MCC is not applied to pairwise comparisons between multiple treatment variations in multi-treatment experiments.
For example, in a three-way split (A, B, and C), MCC does not adjust for pairwise comparisons; instead, MCC is only applied within each comparison separately. This includes comparisons such as:
A vs BA vs CB vs C
This means that while MCC accounts for testing multiple metrics, it does not adjust for the increased number of statistical comparisons introduced by multiple treatment arms.
Key, guardrail, and supporting metrics
The multiple comparison correction is applied separately to your set of key metrics, your set of guardrail metrics, and your set of supporting metrics. This is to allow you the flexibility to choose metrics which are of particular importance and relevance to your test and set them as key metrics.
If you select a single key metric, no multiple comparison correction is applied to that metric. This maximizes sensitivity for your primary hypothesis metric.
If you choose a small subset of your metrics to be key metrics, these have a smaller adjustment applied and have more power and more sensitivity to detect true impacts. In fact, if you choose one single metric to be your key metric, then no correction needed and no adjustment is applied to the p-value for that metric. This gives that metric the maximum sensitivity.
When applying key metrics, we recommend that you set the metric you are most hoping to change in your hypothesis to be a key metric for your feature flag. You may also want to set a handful of other metrics as key metrics in addition to this if you have multiple metrics that are particularly important to you for that test. The more metrics there are in each set (key or supporting), the stricter the adjustment that is applied.
This means if you alter which metrics are set as key or supporting metrics during your experiment, it is possible your statistical results may change. For example, a metric might be inconclusive in a group of 10 other supporting metrics, but change to statistically significant when added as a sole key metric.
Metrics which we don’t compute statistical significance for, e.g., metrics with very low sample sizes, do not influence the correction which is applied.
We only apply the correction once for all supporting metrics. When you search and filter supporting metrics using the search box, your statistical results don't change.
How this affects your results
If you have your statistical settings set to apply multiple comparison corrections, they will be applied to all results of all of your tests by default. We will adjust the p-value for you, and in the Metric Details and Trends view the p-value shown will already have been adjusted to account for the multiple comparison correction.
We also adjust the error margins and confidence intervals of your results to be consistent with the correction applied to your p-values. These are shown as the impact lies between and metric lies between values. Rather than using the default 95% confidence to calculate these ranges, we will show the range that is calculated with a higher level of confidence. This can vary with each test as it is influenced by how many metrics are significant.

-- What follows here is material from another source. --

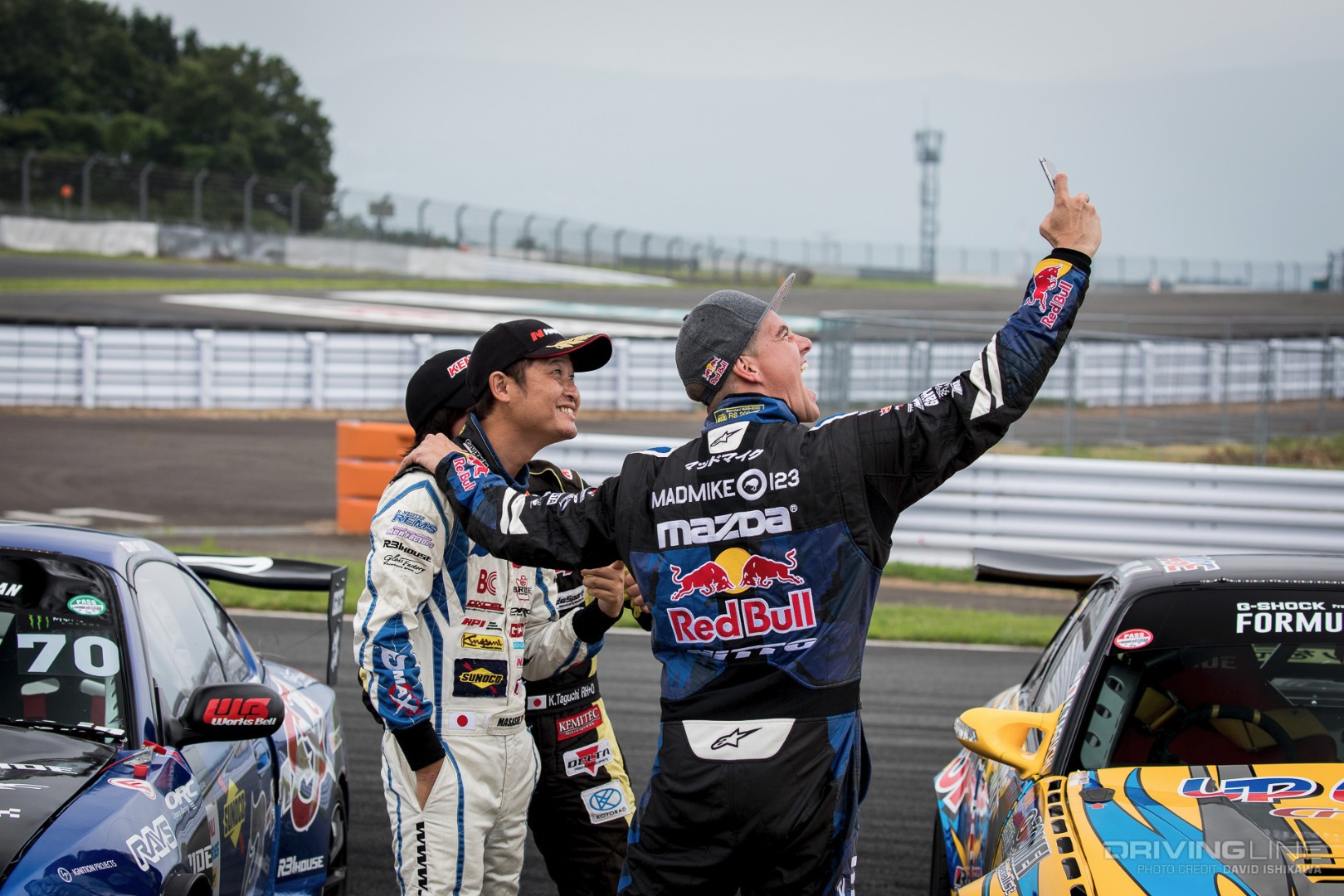 Mad Mike and HUMBUL Take on Fuji Speedway | DrivingLine
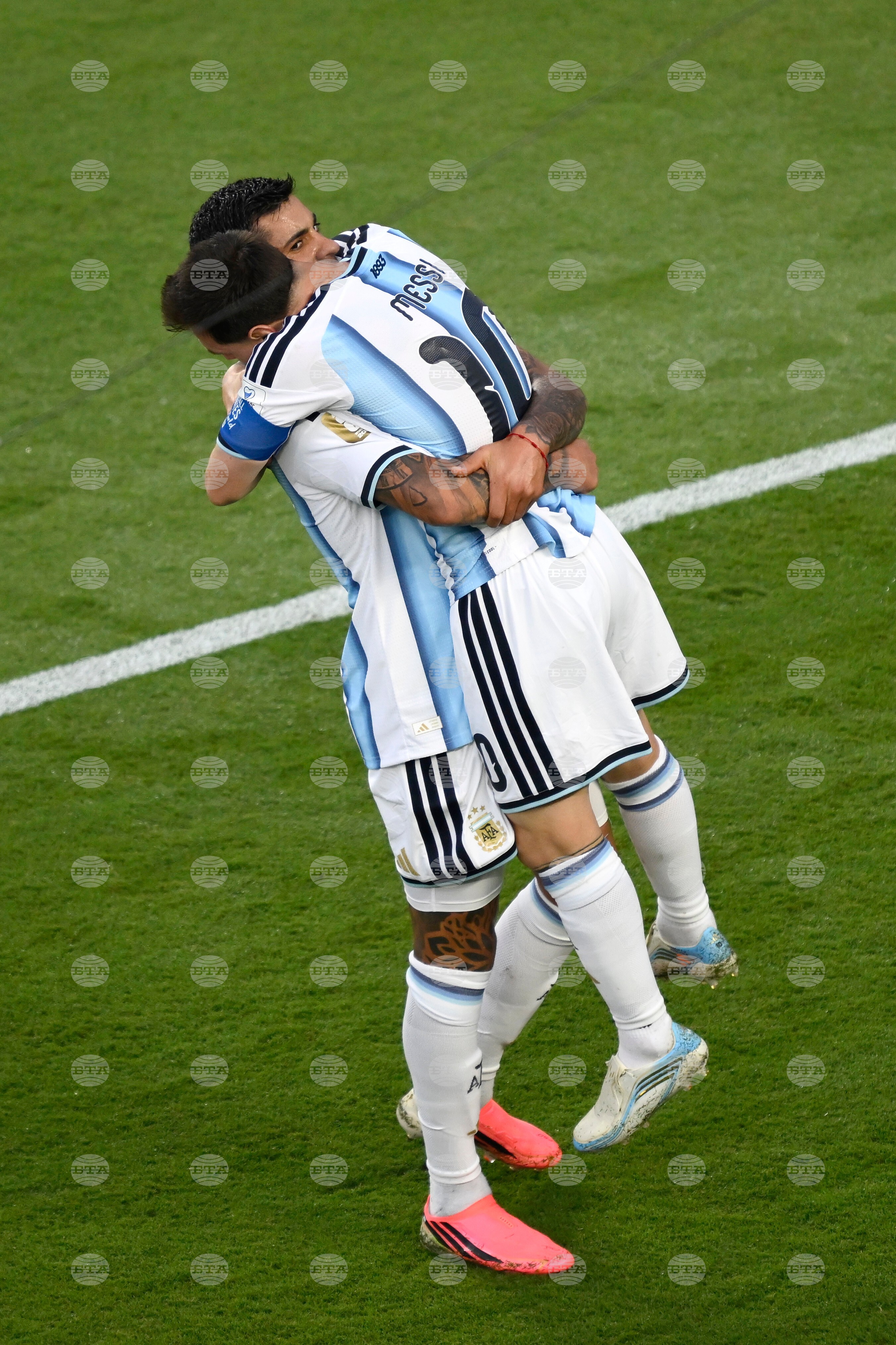 Algeria Argentina WCup Soccer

How this affects power analysis and recommended run time
The sample size and sensitivity calculators use power analysis techniques to recommend how long to run your experiments. It is difficult to account for multiple comparison corrections in these calculators, as the level of adjustment that is applied to your results is dependent on the results themselves and can’t be known in advance.
However, in the case when you have only one key metric set, these calculators are valid and highly recommended to help decide in advance how long your test should run. When you have multiple key metrics set, these calculators may underestimate the sample size needed. We recommend you use these as a guideline for the lower limit of the sample size and run time that is needed.